Work to complete: Every line from the one containing "Instagram Siyah Mod" to the end of the records below must be copied exactly, and no pictures may be included.
===== Recorded information =====
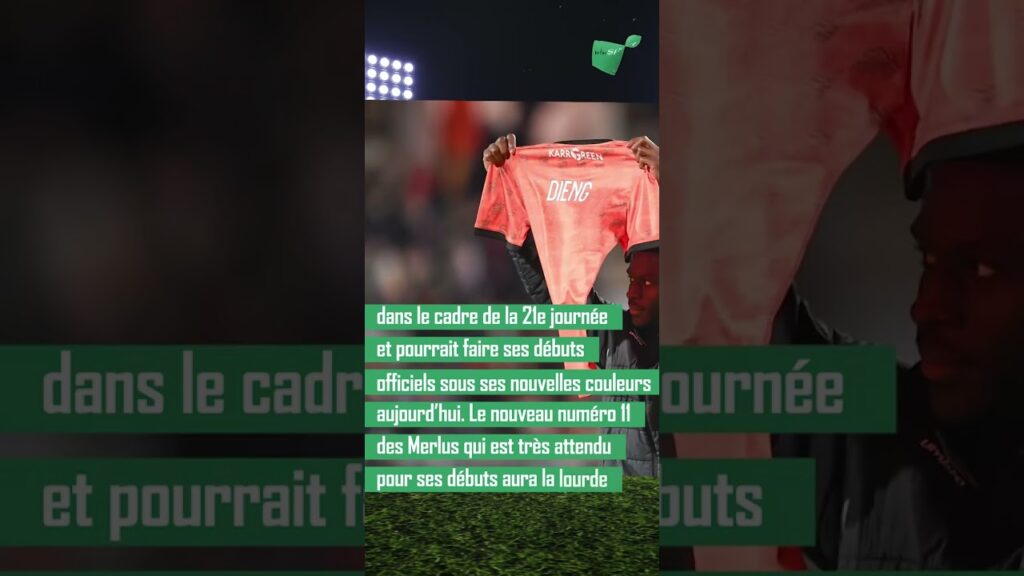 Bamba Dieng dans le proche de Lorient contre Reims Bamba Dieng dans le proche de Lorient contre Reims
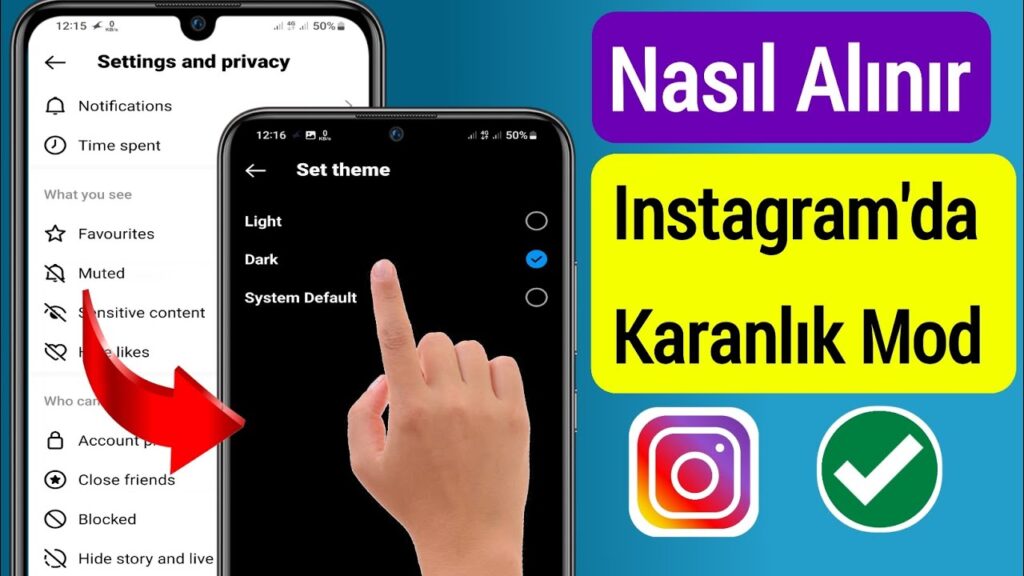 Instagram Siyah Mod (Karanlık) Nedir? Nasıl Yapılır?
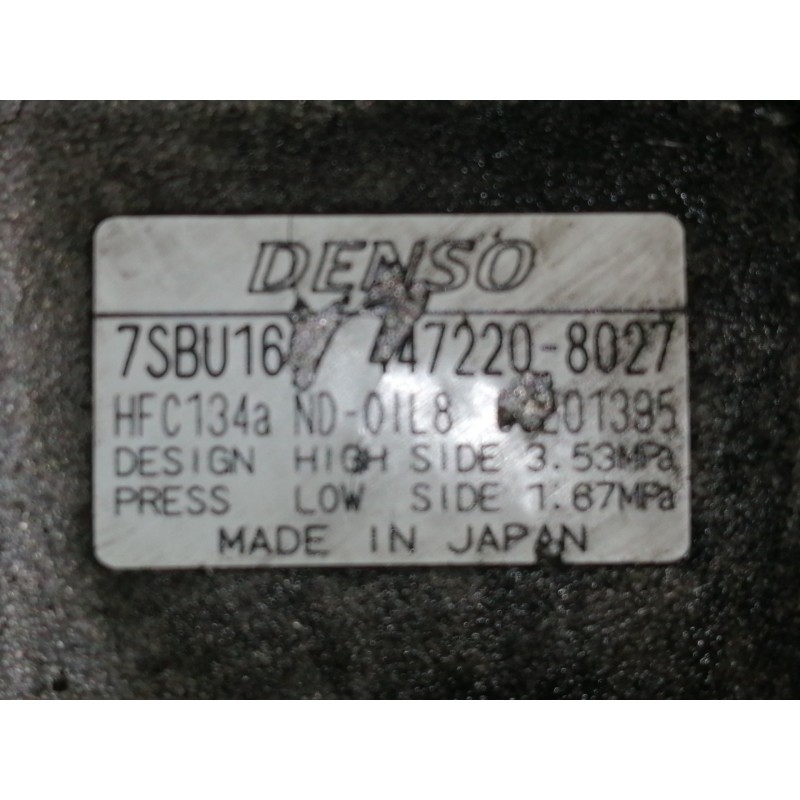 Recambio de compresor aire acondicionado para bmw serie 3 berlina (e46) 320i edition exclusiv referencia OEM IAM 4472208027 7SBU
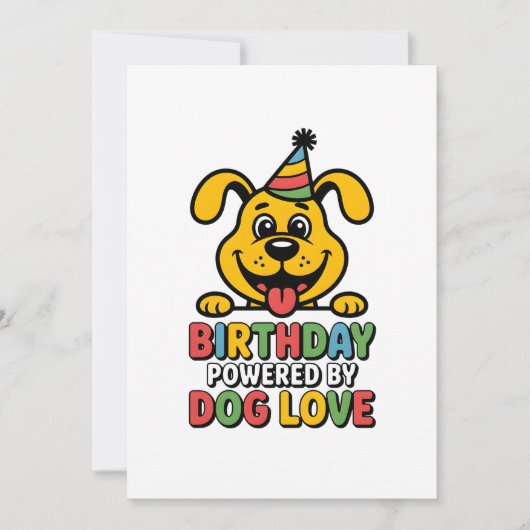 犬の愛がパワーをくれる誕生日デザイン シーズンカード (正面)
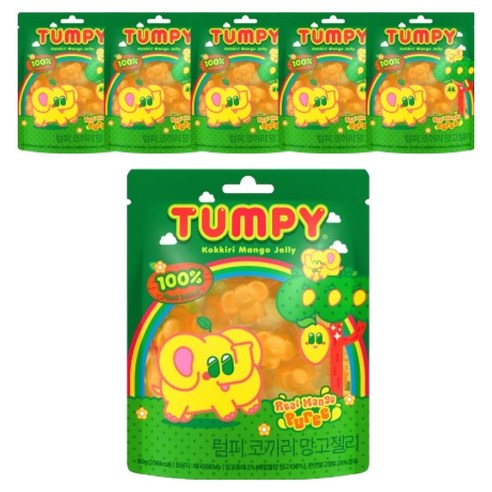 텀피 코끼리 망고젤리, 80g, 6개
=====
Response below:
 Instagram Siyah Mod (Karanlık) Nedir? Nasıl Yapılır?
 Recambio de compresor aire acondicionado para bmw serie 3 berlina (e46) 320i edition exclusiv referencia OEM IAM 4472208027 7SBU
 犬の愛がパワーをくれる誕生日デザイン シーズンカード (正面)
 텀피 코끼리 망고젤리, 80g, 6개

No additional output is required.